Re: [PATCH V6 2/3] perf: Extend perf_output_read
From: Liang, Kan
Date: Thu Dec 19 2024 - 19:42:59 EST
On 2024-12-19 5:21 p.m., Peter Zijlstra wrote:
> On Wed, Dec 18, 2024 at 07:16:42AM -0800, kan.liang@xxxxxxxxxxxxxxx wrote:
>> From: Kan Liang <kan.liang@xxxxxxxxxxxxxxx>
>>
>> The event may have been updated in the PMU-specific implementation,
>> e.g., Intel PEBS counters snapshotting. The common code should not
>> read and overwrite the value.
>>
>> The PERF_SAMPLE_READ in the data->sample_type can be used to detect
>> whether the PMU-specific value is available. If yes, avoid the
>> pmu->read() in the common code.
>
> I had a poke at this, and ended up with the below. Not sure though,
> wdyt?
It looks good to me. I will do more tests tomorrow and send a V7.
Thanks,
Kan
>
> ---
> include/linux/perf_event.h | 8 +++++++-
> kernel/events/core.c | 33 ++++++++++++++++-----------------
> kernel/events/ring_buffer.c | 1 +
> 3 files changed, 24 insertions(+), 18 deletions(-)
>
> diff --git a/include/linux/perf_event.h b/include/linux/perf_event.h
> index 8333f132f4a9..582f517a5dc8 100644
> --- a/include/linux/perf_event.h
> +++ b/include/linux/perf_event.h
> @@ -1062,7 +1062,13 @@ struct perf_output_handle {
> struct perf_buffer *rb;
> unsigned long wakeup;
> unsigned long size;
> - u64 aux_flags;
> + union {
> + u64 flags; /* perf_output*() */
> + u64 aux_flags; /* perf_aux_output*() */
> + struct {
> + u64 skip_read : 1;
> + };
> + };
> union {
> void *addr;
> unsigned long head;
> diff --git a/kernel/events/core.c b/kernel/events/core.c
> index b2bc67791f84..f91ba29048ce 100644
> --- a/kernel/events/core.c
> +++ b/kernel/events/core.c
> @@ -1191,6 +1191,12 @@ static void perf_assert_pmu_disabled(struct pmu *pmu)
> WARN_ON_ONCE(*this_cpu_ptr(pmu->pmu_disable_count) == 0);
> }
>
> +static inline void perf_pmu_read(struct perf_event *event)
> +{
> + if (event->state == PERF_EVENT_STATE_ACTIVE)

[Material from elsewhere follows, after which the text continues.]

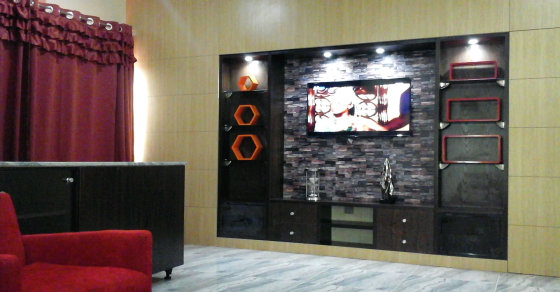 Executive Lodge , Golfview Hotel and Suites, G.R.A- Ikeja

> + event->pmu->read(event);
> +}
> +
> static void get_ctx(struct perf_event_context *ctx)
> {
> refcount_inc(&ctx->refcount);
> @@ -3473,8 +3479,7 @@ static void __perf_event_sync_stat(struct perf_event *event,
> * we know the event must be on the current CPU, therefore we
> * don't need to use it.
> */
> - if (event->state == PERF_EVENT_STATE_ACTIVE)
> - event->pmu->read(event);
> + perf_pmu_read(event);
>
> perf_event_update_time(event);
>
> @@ -4618,15 +4623,8 @@ static void __perf_event_read(void *info)
>
> pmu->read(event);
>
> - for_each_sibling_event(sub, event) {
> - if (sub->state == PERF_EVENT_STATE_ACTIVE) {
> - /*
> - * Use sibling's PMU rather than @event's since
> - * sibling could be on different (eg: software) PMU.
> - */
> - sub->pmu->read(sub);
> - }
> - }
> + for_each_sibling_event(sub, event)
> + perf_pmu_read(sub);
>
> data->ret = pmu->commit_txn(pmu);
>
> @@ -7400,9 +7398,8 @@ static void perf_output_read_group(struct perf_output_handle *handle,
> if (read_format & PERF_FORMAT_TOTAL_TIME_RUNNING)
> values[n++] = running;
>
> - if ((leader != event) &&
> - (leader->state == PERF_EVENT_STATE_ACTIVE))
> - leader->pmu->read(leader);
> + if ((leader != event) && !handle->skip_read)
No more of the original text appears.